Re: [boost] [interprocess] boost::hash - different values for the same input? - Boost

Re: [boost] [interprocess] boost::hash - different values for the same input?

older
Any-Range containing transformed...

Daniel James

13 Jan 2016 13 Jan '16

10:07 p.m.

I altered the subject to include interprocess, since this is relevant there. On 9 December 2015 at 20:13, trafdev <trafdev@mail.ru> wrote:

...

As per hash_range docs (http://www.boost.org/doc/libs/1_59_0/doc/html/hash/reference.html#boost.hash...):

"This hash function is not intended for general use, and isn't guaranteed to be equal during separate runs of a program - so please don't use it for any persistent storage or communication."

As per code (http://www.boost.org/doc/libs/1_59_0/boost/functional/hash/hash.hpp) it uses hash_combine_impl which doesn't use any random, process_id etc values which might change during new process launches.

At the same time, in an example describing container usage in the shared memory (http://www.boost.org/doc/libs/1_59_0/doc/html/interprocess/allocators_contai...), boost::hash is being used:

typedef boost::unordered_map < KeyType , MappedType , boost::hash<KeyType> ,std::equal_to<KeyType> , ShmemAllocator> MyHashMap;

My question is: is it safe to use boost::hash in a shared (persistent) storage or it's safe only for a particular (non-pointer) types?

In this case, boost::hash docs should be changed to mention this exceptions, because otherwise no one could use boost::hash in a shared memory containers.

Sorry about the very slow reply. I'm afraid the answer is that it depends. The reason why I originally wrote that note was because it can generate different hash values when compiled for different platforms or architectures, e.g. a 32-bit executable might generate a different hash value to a 64-bit executable. Also, I occasionally change the algorithm in new versions of boost (and probably will in the next version). For interprocess this currently won't be an issue if all the processes are using the same executable, or using executables built with same version of boost and the same architecture, but could be a problem if that isn't the case. So maybe the Interprocess documentation needs to explain this. But there's another problem coming up. The last proposal I saw for a standard generic hash function will support randomized hash functions (such as siphash) which will only work with interprocess if they are somehow seeded identically. I'll want to support whatever is accepted to the standard (although maybe as a separate library). I'll need to catch up with how that is progressing, as I haven't kept up to date.

Show replies by date

Andrey Semashev

13 Jan 13 Jan

10:18 p.m.

New subject: [interprocess] boost::hash - different values for the same input?

On 2016-01-14 01:07, Daniel James wrote:

...

I altered the subject to include interprocess, since this is relevant there.

On 9 December 2015 at 20:13, trafdev <trafdev@mail.ru> wrote:

...
My question is: is it safe to use boost::hash in a shared (persistent) storage or it's safe only for a particular (non-pointer) types?

In this case, boost::hash docs should be changed to mention this exceptions, because otherwise no one could use boost::hash in a shared memory containers.
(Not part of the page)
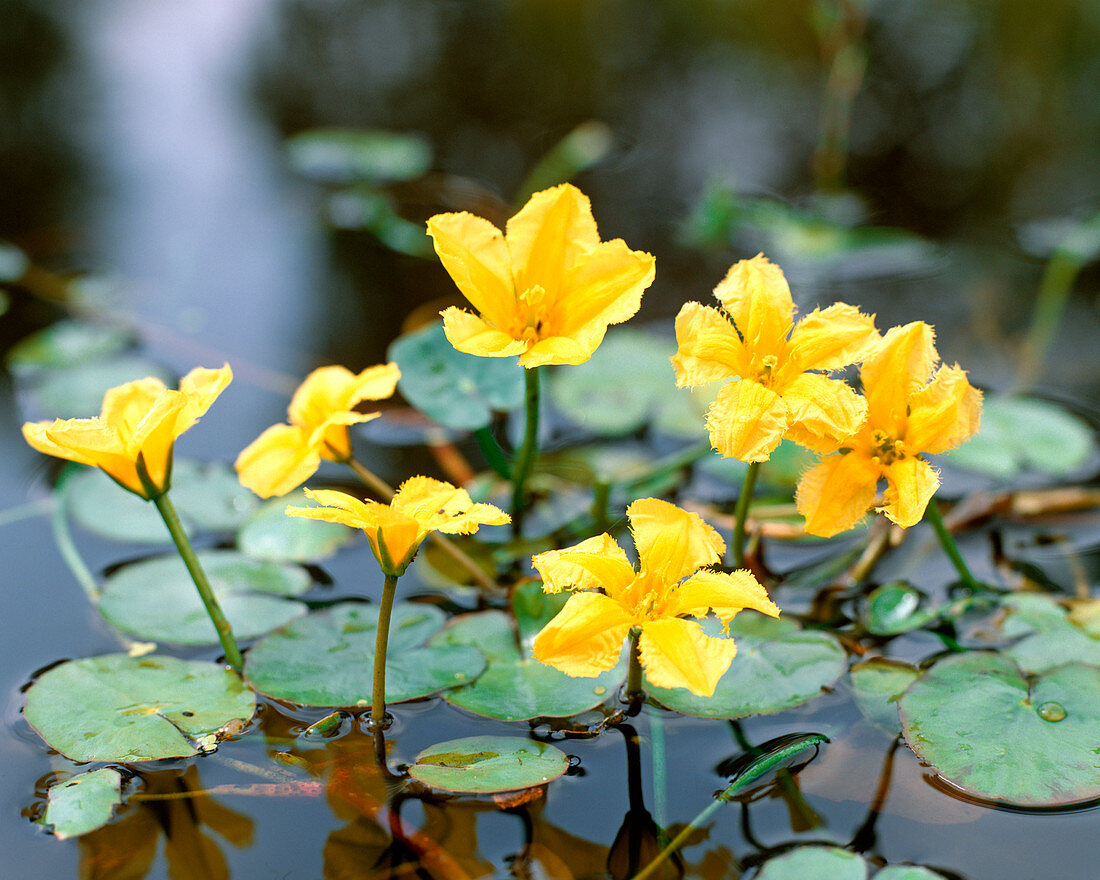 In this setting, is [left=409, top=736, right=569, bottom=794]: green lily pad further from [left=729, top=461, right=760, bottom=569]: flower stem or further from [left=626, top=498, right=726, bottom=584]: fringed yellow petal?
[left=729, top=461, right=760, bottom=569]: flower stem

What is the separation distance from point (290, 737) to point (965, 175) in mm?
2552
Sorry about the very slow reply. I'm afraid the answer is that it depends. The reason why I originally wrote that note was because it can generate different hash values when compiled for different platforms or architectures, e.g. a 32-bit executable might generate a different hash value to a 64-bit executable. Also, I occasionally change the algorithm in new versions of boost (and probably will in the next version). For interprocess this currently won't be an issue if all the processes are using the same executable, or using executables built with same version of boost and the same architecture, but could be a problem if that isn't the case. So maybe the Interprocess documentation needs to explain this.
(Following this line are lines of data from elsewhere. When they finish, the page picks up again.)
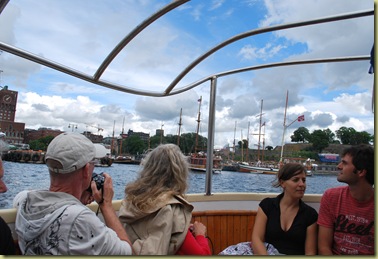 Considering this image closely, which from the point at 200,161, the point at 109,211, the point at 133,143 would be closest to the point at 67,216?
the point at 109,211

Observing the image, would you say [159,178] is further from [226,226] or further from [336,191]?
[226,226]

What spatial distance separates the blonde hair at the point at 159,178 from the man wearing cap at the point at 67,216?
8.5 inches

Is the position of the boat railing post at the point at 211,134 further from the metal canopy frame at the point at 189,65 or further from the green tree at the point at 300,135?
the green tree at the point at 300,135

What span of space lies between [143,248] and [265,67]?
1.77m

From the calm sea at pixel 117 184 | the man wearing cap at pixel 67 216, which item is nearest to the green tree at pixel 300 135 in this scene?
the calm sea at pixel 117 184

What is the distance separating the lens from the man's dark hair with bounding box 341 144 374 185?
1.56 metres

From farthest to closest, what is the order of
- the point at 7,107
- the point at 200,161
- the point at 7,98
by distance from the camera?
the point at 200,161, the point at 7,98, the point at 7,107

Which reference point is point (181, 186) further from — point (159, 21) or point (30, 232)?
point (159, 21)

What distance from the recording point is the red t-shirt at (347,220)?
153 cm

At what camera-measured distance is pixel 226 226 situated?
2432mm

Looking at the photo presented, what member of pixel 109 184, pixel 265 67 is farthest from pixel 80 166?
pixel 265 67

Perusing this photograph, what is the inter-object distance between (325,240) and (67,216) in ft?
4.33

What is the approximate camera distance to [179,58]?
8.04 ft

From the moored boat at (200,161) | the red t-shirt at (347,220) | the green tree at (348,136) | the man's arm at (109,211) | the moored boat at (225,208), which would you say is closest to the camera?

But there's another problem coming up. The last proposal I saw for a standard generic hash function will support randomized hash functions (such as siphash) which will only work with interprocess if they are somehow seeded identically. I'll want to support whatever is accepted to the standard (although maybe as a separate library). I'll need to catch up with how that is progressing, as I haven't kept up to date.
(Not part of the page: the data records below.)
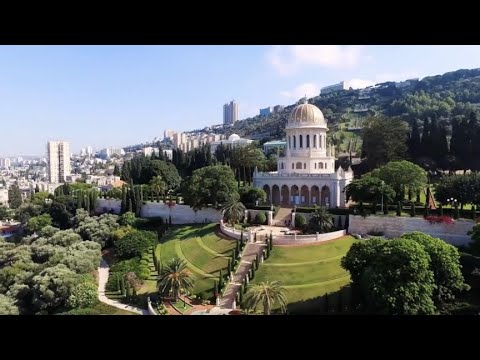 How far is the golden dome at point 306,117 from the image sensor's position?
134ft

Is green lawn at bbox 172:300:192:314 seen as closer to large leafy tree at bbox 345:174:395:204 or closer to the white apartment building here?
large leafy tree at bbox 345:174:395:204

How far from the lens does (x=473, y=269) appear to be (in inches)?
888

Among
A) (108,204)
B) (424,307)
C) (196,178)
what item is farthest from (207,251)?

Do you think we could add a few well-known hash functions to Boost.Hash so that they could be used for consistent results?

Daniel James

11:09 p.m.

New subject: [interprocess] boost::hash - different values for the same input?

On 13 January 2016 at 22:18, Andrey Semashev <andrey.semashev@gmail.com> wrote:

...

Do you think we could add a few well-known hash functions to Boost.Hash so that they could be used for consistent results?

I think that would be best handled in a new library. I don't really want to enhance the existing one beyond its current scope, especially as the current standard proposal is a bit different to it, and supports alternative hash functions. Adding extra functions would probably also mean that it wouldn't be a header only library, which would be a problem. If you haven't seen the new proposal, it's at: http://www.open-std.org/jtc1/sc22/wg21/docs/papers/2015/p0029r0.html There's an implementation at: https://github.com/google/hashing-demo/tree/N0029R0 I assume that something based on that proposal is likely to be accepted. You could just use it (maybe I should add a macro to change the default hash function in unordered....), or perhaps a boost implementation could be based on it. One advantage of a new library is that it can have much stricter compiler requirements which should simplify the implementation.

Bjorn Reese

10:30 p.m.

New subject: [interprocess] boost::hash - different values for the same input?

On 01/13/2016 11:18 PM, Andrey Semashev wrote:

...

Do you think we could add a few well-known hash functions to Boost.Hash so that they could be used for consistent results?

I was just about to suggest the same... I frequently use hash functions to calculate fingerprints that are exchanged in network protocols, and here consistent results, both across platforms and boost releases, are essential.

Daniel James

11:16 p.m.

New subject: [interprocess] boost::hash - different values for the same input?

On 13 January 2016 at 22:30, Bjorn Reese <breese@mail1.stofanet.dk> wrote:

...

On 01/13/2016 11:18 PM, Andrey Semashev wrote:

...
Do you think we could add a few well-known hash functions to Boost.Hash so that they could be used for consistent results?

I was just about to suggest the same...

I frequently use hash functions to calculate fingerprints that are exchanged in network protocols, and here consistent results, both across platforms and boost releases, are essential.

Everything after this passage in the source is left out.